- Allegiance: India
- Branch: Indian Air Force
- Rank: Warrant Officer
- Awards: Kirti Chakra

= Dev Raj Singh Thakur =

Recipient of the Kirti Chakra award

Sergeant Dev Raj Singh Thakur, KC (died May 1987), was a sergeant working in Indian Air Force. He received national prominence for chasing and apprehending Nathuram Godse.

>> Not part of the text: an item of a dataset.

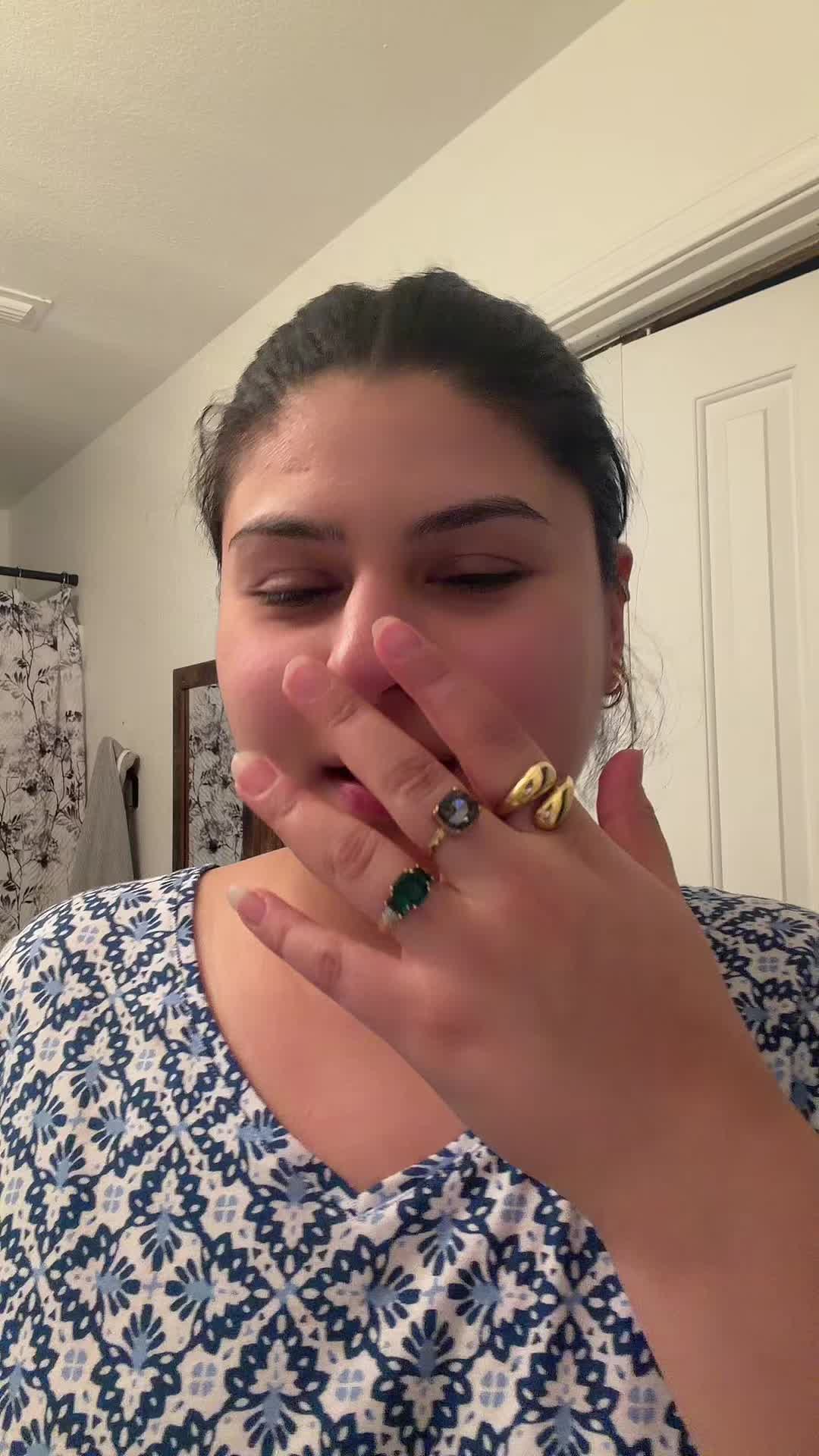 @Marweezy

He was awarded the Kirti Chakra, a gallantry award, in 1952 for arresting Godse by Dr Rajendra Prasad contemporaneous President of India and he was promoted to the rank of Warrant Officer. He is in news posthumously, for his family demanding a government job for a kin of gallantry award winner as there is no breadwinner in the family.

==Personal details==

He had three sons and one daughter. While in service in the Indian Air Force, he lost his mental balance and was subsequently sent on retirement. He remained in a mental health facility for 14 years in Amritsar.
The causes of his loss of mental balance are not known, but it is possibly due to his act of apprehending Nathuram Godse. Godse was the person who killed Mohandas Gandhi. He received a monthly pension from the Indian government until he died in May 1987.

==Awards==
- Ashok Chakra Award (Class II) in 1952.